Camera data: 1/400 | f22 | ISO400 | 18mm

The star effect is created by closing the aperture - so f22 was a good choice, otherwise the sun would have merely created a blurry mass
you don´t need to freeze any motion, so lowering your shutter speed to 1/100th would have given you ISO100 and therefore the best possible image quality. Especially when doing quite some brightening in the shadows, you introduce noise while editing. The lower the ISO, the lower that noise will be
I might have gone a little overboard with this edit, but I wanted to show what is possible in Lightroom, without using photoshop


 

Camera data: 1/400 | f5.6 | 400 | 55mm

Same as the first image: no action to freeze here, so 1/100th would have been fine to get the best possible ISO
editing this one was similar to the first too. It doesn´t have a clear point of interest, so I gave it an overall retouch, trying to get back some information in the sky and give it a little pop.




Camera data: 1/400 | f22 | ISO400 | 200mm

1/400th is fine if you are afraid of blur due to camera shake at this long focal length (zoom)
f22 is way over board, so not needed at all. f10 would have been more than enough and again would have given you the best possible image quality at ISO100
This is something where I felt the editing was really worth it and changed the look pretty dramatically - again all in lightroom
you can increase the effect of the big sun by placing somebody or something beside it i the far distance.


 

Camera data: 1/125 | f18 | ISO400 | 200mm 

1/125 is pretty much the limit to not introduce camera shake even with better stabilized cameras/lenses. Did you use a tripod?
it is difficult to judge on the f-stop f18 seems a little much, but since you probably wanted the foreground and the background as sharp as possible, I´d say it is OK.

your edit was quite good on that one, I don´t think I could contribute anything, other than introduce noise  but anyway here is my try.




And finally here are my lightroom edits: www.photo1x1.com/thePhotoForum/lightroomBogdanM.zip 
Take a close look at the local adjustments gradients and brush. They are right on top below the histogram. Usually they are hidden. Click on one of them and press "H" to hide and show the anchor point of these. If you click on the anchor point you can see the settings or delete the adjustment all together.


----------



## bogdan.m (Nov 12, 2016)

Thank you very much, i own my camera for a month now, this is very helpful for me. So the main thing i have to correct is getting low iso, think about my composition a bit better and to learn some more things about aperture, it seemed now that i missed some important info about it. I didn't use a tripod for the last one, i just kinda stop breathing when i am taking the shoots


----------



## photo1x1.com (Nov 12, 2016)

bogdan.m said:


> Thank you very much, i own my camera for a month now, this is very helpful for me. So the main thing i have to correct is getting low iso, think about my composition a bit better and to learn some more things about aperture, it seemed now that i missed some important info about it. I didn't use a tripod for the last one, i just kinda stop breathing when i am taking the shoots



Glad I could help. Don´t hold yor breath for too long  . 
In fact it is a mix. You can´t change the brightness of the scene unless you use flash (which doesn´t do much in landscape photography), so what you have to do is set aperture, shutter speed and ISO to get the best possible image quality. When you understand what aperture and shutter speed really do to your image, you can instinctively decide what is the best setting. Sounds complicated, but in fact it is not. Understanding is the key.

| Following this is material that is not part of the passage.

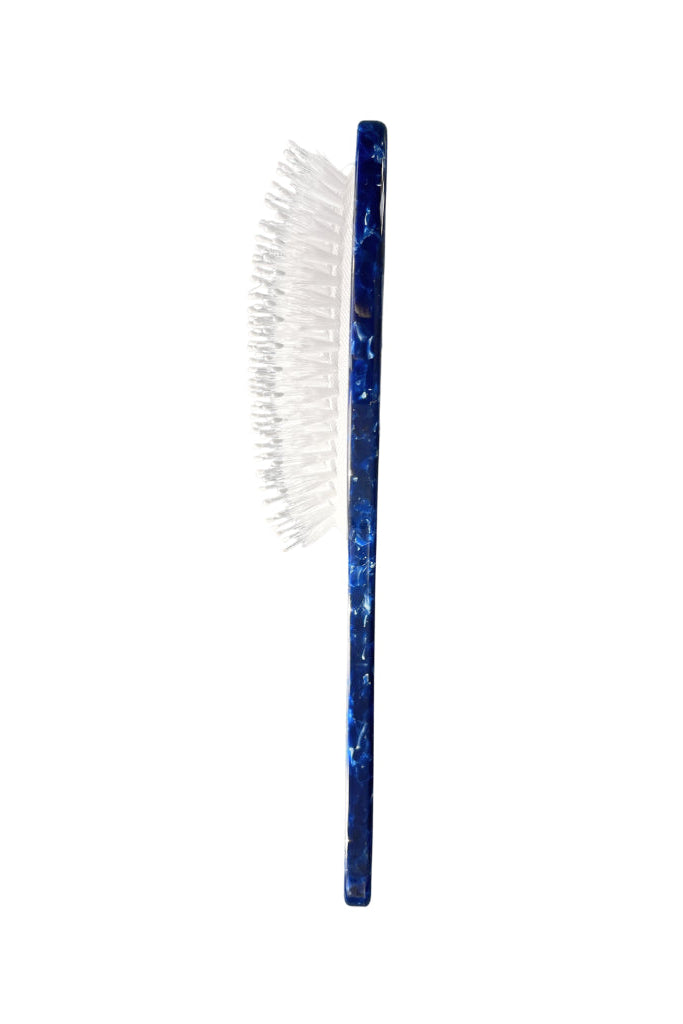 Blue-handled hairbrush with white bristles on a white background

And as you say - composition is probably the most important part of photography because from a distance (or small in the web), even slightly blurred images or images with a lot of noise look great if they have good composition.


----------



## bogdan.m (Nov 12, 2016)

I have just watched a video where they say the moon will be closest to the earth in 68 years on Monday, so i might redo the one with the moon  It's going to appear 14%larger and 30% brighter, so i might get some good detail. I know it's just the moon, but i love astronomy so...


----------



## photo1x1.com (Nov 12, 2016)

bogdan.m said:


> I have just watched a video where they say the moon will be closest to the earth in 68 years on Monday, so i might redo the one with the moon  It's going to appear 14%larger and 30% brighter, so i might get some good detail. I know it's just the moon, but i love astronomy so...

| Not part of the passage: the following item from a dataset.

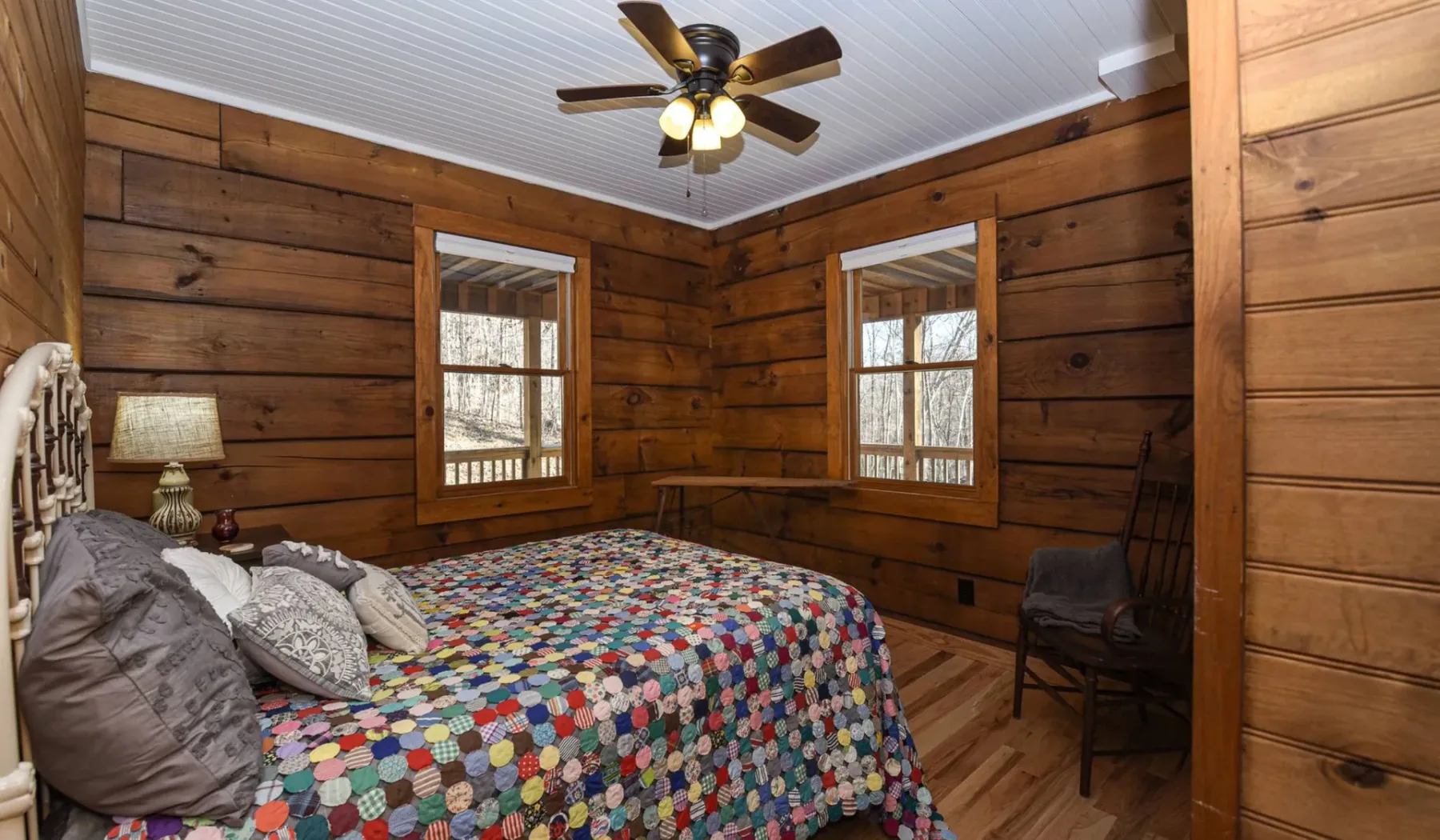 A bedroom with a colorful patchwork bedspread and two windows.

Funny, I just heard that too today. Let´s hope for some good weather - the moon is definitely something for everybodys portfolio  
Four your reference: 
this was shot 1/50 | f11 | ISO100 
but the camera sat on a tripod, so if you want to shoot it handeld with your 200mm lens, I´d start with the follwing settings: 1/200 | f5.6 | ISO100 my image was taken in the desert (so very good visibility and clear skies), maybe you need to rise your ISO a bit if your sky isn´t as clear. But then again it should be 30% brighter these days so maybe you don´t need to. 

The reason why I used f11 btw is because I had no other choice. I used a 2x extender that doubles your minimum aperture value, which was f5.6.

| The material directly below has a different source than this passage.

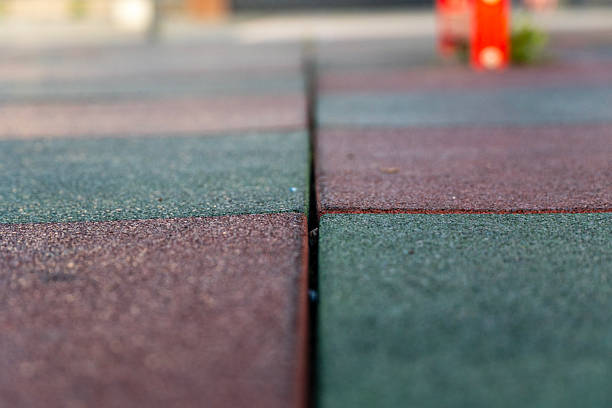 istock Playground flooring features alternating red and green rubber tiles with a focus on texture and color, creating a vibrant environment for kids 2212462297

Play a little with the settings and check on your monitor - and later in lightroom what you like best. Use a wall, a table or something to rest your lens on and reduce the shutter speed a bit. Remember - when you reduce one of the three (aperture, shutter speed, ISO), you need to rise another one by the exact same number if you want to keep the brightness at the same level.
Shooting the moon is actually a pretty good way to practice manual (!!!) exposure settings. It hardly moves and as long as you don´t freeze, you have a lot of time.


----------



## bogdan.m (Nov 12, 2016)

Well, i got myself a tripod, since that one was next on my wishlist, it arrived yesterday, i messed a bit with it and i got these effects from my keyboard, and i will definitely use it for the moon Monday  i like this photography stuff, it's fun to do, very flexible and hoping to meet some nice people along the way


----------



## photo1x1.com (Nov 12, 2016)

That looks very cool! Great idea! If anything I´d cover that glowing dragon and on the led that´s probably right beside the F15 key. They stand out a little too much.


----------



## Causapscal (Nov 12, 2016)

Very good beginning  

Just a little advice, begins by mastering the different aperture. You take a picture at each aperture and you will see what it gives. Then you do the same at different speeds and ISO. It is the basis, the rest, a cherry on sunday...


----------



## bogdan.m (Nov 15, 2016)

My topic for today was bokeh, since everyone is doing it, i thought i would give it a try, here are my last photos


----------



## photo1x1.com (Nov 15, 2016)

Sorry to say that, my friend . 
The bench seems to have some camera shake (don´t know why though, because 1/125th @55mm is usually fast enough - but things happen  ). It´s also not really interesting to be honest. 
While the first one is good in regard to sharpness, it is a little overexposed for my taste, and also not particularely interesting. 
I like the third one best - it has the best out of focus effect, but you could have even increased that by zooming all the way in and stepping back a bit (still using the same framing). Try to compare these two shots for your next shooting day. Moss is a really nice photo motive, but it takes some time to find really great moss. 
At the moment the northern hemisphere of the world isn´t too picturesque, it is much more difficult to find great things to shoot in nature, than in spring or summer - but don´t give up  .


----------



## bogdan.m (Nov 15, 2016)

I'm not giving up. I am aware that not all of my photos will be great, although i will struggle to make them great. You are right about the weather tho, it is always misty and the clouds are always grey this time of the year, and i missed the super moon, nevertheless, i will always try again and come back with more


----------



## KmH (Nov 15, 2016)

A blurred background results from making exposure setting, point of focus and subject framing choices that control depth-of-field.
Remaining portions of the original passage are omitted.